Professor Shugarman hosted a segment talking about her new book, “How to Talk to Your Kids about Climate Change,” and flipping the script onto older generations. She was inspired by growing up in Alberta, Canada, where many people worked in the oil industry and were reluctant to talk about the realities of the situation.
Having conversations with members of older generations about the current climate crisis has been made difficult due to the politicization of the issue. The key to starting the conversation is by being truthful, because the science is clear, according to Shugarman.

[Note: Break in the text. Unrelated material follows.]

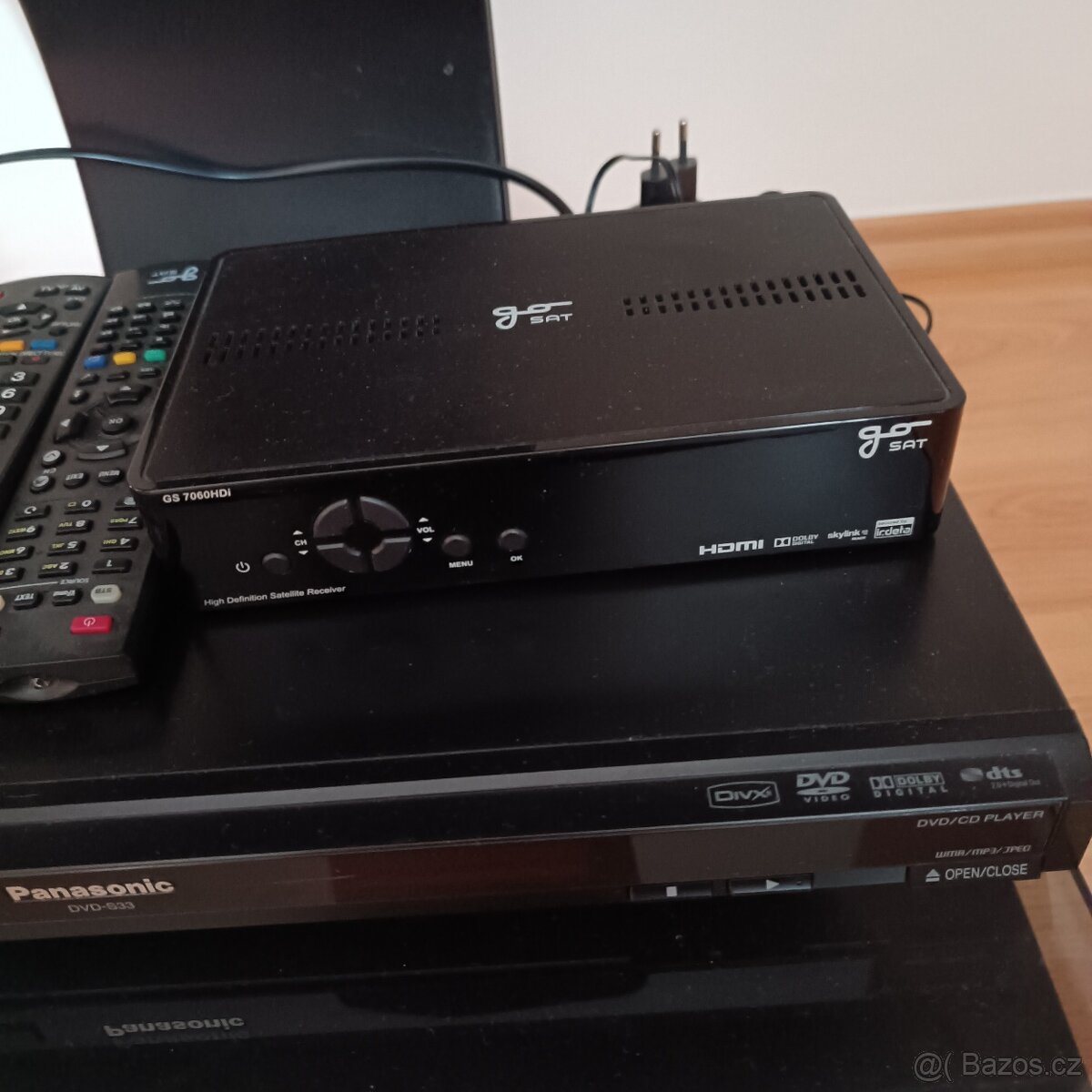 Televize Panasonic,setobox a DVD přehrávač +televizní stolek - 3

Ramapo students participating in the Sunrise Movement first year seminar course volunteered to share their personal stories of coming to care about the environment and encouraging others to do the same. One student expressed the challenges he has faced during the process of convincing his father to believe that climate change was a real problem.
Another relayed how her older sister became environmentally aware during her university years, and together they convinced their parents to care as well. Overall, the presentations were evidence of how today’s youth continue to mobilize in large numbers to protest, spread awareness and advocate for the changes needed to minimize the damage climate change has already been inflicting on the planet.

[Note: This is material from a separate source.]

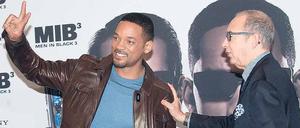 Zurück in Berlin. Will Smith und Regisseur Barry Sonnenfeld stellten sich im Adlon den Fotografen. Gemeinsam mit Josh Brolin und Nicole Scherzinger stellten sie „MIB 3“ vor. Foto: dpa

The Sunrise Movement was a topic that several presenters talked about, as Ramapo will potentially be opening its own chapter of the organization soon.

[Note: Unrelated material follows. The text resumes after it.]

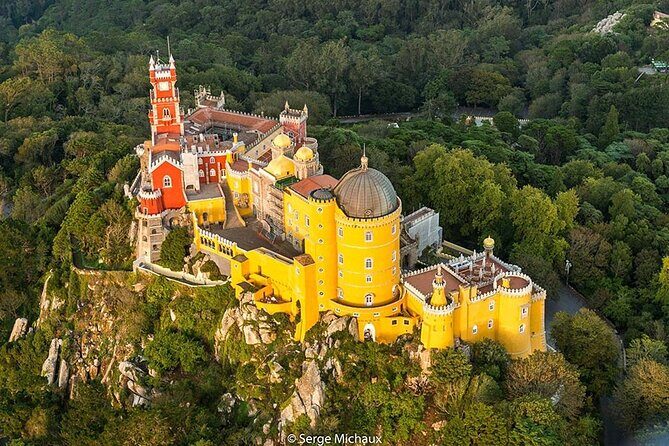Full-day Private Sintra Tour with Guide - Coastal Elegance in Cascais and Estoril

Ananya Singh, who works with Sunrise Morris County, gave a short presentation that identified the barriers to activism, which Sunrise aims to break down for youth activists. Singh identified five barriers: apathy, inertia, isolation, self-doubt and fear. She aimed to help activists find ways to turn these barriers into strengths.
“We all are so much more capable than we were brought up to believe,” Singh said. The fifth barrier of fear was one she focused on especially, saying that fear is healthy to have in a certain amount, but that activists should not doubt their abilities.
“It’s so easy to believe that story,” Singh said. “That we’re not the right people at the right moment, but we are.”
Samantha DiFalco, also a member of Sunrise Morris County and a member of Food and Water Action New Jersey, spoke more about the movement during her presentation. She gave three main components that the movement needs in order to be successful: people power, political power and people’s alignment.
The first and third necessity work hand-in-hand, pointing to a need for passionate people to band together to create political power. DiFalco said that history shows when a movement has 3.5 percent of the population behind it, it is always successful. The power of the people is key to the Sunrise Movement, in making heard the voices of those concerned about climate change and promoting legislation addressing it.
“We know the time for middle of the road and weak legislation is far past,” DiFalco said. “I think a lot of people are critical of Biden’s climate plans and that’s ok, because they aren’t really where we need to be to fight this climate crisis.”
After hearing from young activists, alumni, professors and students, the day concluded leaving all attendees with more information about the climate crisis and gave them the tools to become part of the action against it.